Letter from Our Founder
Welcome.
Truly, welcome. If you've found your way here, it's not by accident. You were meant to be in this room.
In the Room with Legacy was born out of love, loss, and a real need. A need for a space that honors and empowers the family, both related and chosen. A space that offers tools, resources, and frameworks that not only create generational value within a family, but also sow unity, healing, and love.
A space that encourages and uplifts us, that highlights our stories and reminds us that legacy is intentional and alive. That it's something we live and breathe every day.

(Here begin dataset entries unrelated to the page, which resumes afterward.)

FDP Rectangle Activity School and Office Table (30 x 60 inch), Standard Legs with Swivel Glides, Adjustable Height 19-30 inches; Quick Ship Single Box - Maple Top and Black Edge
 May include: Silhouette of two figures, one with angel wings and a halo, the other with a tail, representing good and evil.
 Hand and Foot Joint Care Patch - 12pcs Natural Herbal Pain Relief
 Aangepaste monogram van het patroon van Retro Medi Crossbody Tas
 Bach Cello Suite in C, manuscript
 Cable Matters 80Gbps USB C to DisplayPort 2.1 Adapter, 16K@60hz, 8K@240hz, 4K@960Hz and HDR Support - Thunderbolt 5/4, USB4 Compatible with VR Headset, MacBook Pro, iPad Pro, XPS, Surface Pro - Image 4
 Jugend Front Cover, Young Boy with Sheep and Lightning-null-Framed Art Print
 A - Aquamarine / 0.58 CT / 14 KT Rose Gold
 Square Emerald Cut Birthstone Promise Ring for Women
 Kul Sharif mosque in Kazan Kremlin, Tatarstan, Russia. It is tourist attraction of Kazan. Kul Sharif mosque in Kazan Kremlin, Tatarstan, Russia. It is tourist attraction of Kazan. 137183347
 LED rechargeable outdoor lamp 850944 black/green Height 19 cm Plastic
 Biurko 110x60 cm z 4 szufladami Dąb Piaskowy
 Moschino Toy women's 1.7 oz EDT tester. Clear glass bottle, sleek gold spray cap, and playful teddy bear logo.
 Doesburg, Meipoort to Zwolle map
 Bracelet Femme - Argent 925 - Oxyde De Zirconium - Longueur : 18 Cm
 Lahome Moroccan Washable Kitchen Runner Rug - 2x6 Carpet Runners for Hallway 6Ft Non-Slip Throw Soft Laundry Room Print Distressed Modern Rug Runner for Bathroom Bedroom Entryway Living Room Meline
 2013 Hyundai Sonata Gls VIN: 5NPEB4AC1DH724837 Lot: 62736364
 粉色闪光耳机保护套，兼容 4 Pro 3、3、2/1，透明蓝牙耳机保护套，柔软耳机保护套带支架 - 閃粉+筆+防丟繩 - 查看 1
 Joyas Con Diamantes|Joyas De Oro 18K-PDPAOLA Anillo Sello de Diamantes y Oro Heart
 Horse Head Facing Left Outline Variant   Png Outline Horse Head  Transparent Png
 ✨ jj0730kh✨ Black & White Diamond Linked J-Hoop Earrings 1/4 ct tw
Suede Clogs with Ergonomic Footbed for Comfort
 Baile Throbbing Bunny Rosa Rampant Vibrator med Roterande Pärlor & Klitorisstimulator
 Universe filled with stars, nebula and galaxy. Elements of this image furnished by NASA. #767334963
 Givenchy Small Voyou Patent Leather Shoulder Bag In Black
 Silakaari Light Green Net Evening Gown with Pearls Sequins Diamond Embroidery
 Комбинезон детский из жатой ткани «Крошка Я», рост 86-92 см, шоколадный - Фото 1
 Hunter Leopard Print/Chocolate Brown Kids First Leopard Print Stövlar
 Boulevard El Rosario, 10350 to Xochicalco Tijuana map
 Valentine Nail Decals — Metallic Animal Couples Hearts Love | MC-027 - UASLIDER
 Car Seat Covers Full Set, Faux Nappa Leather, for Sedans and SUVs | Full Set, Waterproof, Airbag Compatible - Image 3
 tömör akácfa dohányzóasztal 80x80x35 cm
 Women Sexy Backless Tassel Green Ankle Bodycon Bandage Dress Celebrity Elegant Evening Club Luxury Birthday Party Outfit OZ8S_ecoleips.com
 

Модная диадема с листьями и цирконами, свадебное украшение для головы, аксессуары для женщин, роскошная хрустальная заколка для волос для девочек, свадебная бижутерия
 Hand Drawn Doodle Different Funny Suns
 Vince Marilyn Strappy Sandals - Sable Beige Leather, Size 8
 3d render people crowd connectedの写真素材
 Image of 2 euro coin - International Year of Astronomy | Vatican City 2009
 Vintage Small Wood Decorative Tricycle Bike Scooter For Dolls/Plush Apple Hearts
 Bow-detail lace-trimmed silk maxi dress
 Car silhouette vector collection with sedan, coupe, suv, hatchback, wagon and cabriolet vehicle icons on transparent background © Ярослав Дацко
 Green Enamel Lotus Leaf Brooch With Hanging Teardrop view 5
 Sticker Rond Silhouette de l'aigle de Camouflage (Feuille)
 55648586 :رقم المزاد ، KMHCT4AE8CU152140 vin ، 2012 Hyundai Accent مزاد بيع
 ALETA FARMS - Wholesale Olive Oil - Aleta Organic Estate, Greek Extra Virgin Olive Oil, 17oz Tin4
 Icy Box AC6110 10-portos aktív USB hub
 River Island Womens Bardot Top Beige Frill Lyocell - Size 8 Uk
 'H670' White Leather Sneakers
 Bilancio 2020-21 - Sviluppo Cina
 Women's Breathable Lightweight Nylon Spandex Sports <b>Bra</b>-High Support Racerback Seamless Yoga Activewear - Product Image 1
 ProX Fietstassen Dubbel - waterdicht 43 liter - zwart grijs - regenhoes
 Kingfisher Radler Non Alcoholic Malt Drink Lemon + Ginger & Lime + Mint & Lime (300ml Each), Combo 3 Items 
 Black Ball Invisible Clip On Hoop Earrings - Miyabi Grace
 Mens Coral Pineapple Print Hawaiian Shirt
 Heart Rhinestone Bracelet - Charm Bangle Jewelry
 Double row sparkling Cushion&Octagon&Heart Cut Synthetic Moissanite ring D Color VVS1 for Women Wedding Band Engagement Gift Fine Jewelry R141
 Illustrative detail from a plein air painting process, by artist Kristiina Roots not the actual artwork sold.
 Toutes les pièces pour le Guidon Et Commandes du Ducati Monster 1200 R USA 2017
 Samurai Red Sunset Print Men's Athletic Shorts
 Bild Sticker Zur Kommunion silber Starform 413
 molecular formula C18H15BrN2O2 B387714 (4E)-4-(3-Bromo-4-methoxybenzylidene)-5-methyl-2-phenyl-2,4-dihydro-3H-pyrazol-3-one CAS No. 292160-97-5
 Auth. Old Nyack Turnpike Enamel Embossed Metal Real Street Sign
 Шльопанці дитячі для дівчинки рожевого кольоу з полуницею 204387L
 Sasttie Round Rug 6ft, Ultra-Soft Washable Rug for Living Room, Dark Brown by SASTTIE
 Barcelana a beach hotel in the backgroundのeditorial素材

It was also born out of the need to redefine our power. Because one of our greatest weapons against systemic and economic challenges is stronger families; families moving with unity, cohesion, and intention.
Families are indeed the first institutions within civilization.
I created In the Room with Legacy as an offering. A labor of love.
It's the fruit of everything I was taught, everything I've witnessed, and everything I now feel called to carry forward.
This work is dedicated to my father. The man whose life and example shaped so much of who I am, especially at the end of his life.
My father, my teacher, my anchor.
In hindsight, I can see now that my father's illness, though heartbreaking, was a divine part of my path. At the time, I couldn't understand it. I was 26, young, building my dreams, and suddenly life said, "Nah, you're about to go through the wringer."
His request, "help me live as long as possible to get you and your siblings ready for my departure."
I was devastated. Angry, even. It felt unfair. I entered a season of sacrifice, unconditional love, heartbreak, and exhaustion. But looking back, I realize it was preparation that positioned me to carry this message in a way I never could have otherwise.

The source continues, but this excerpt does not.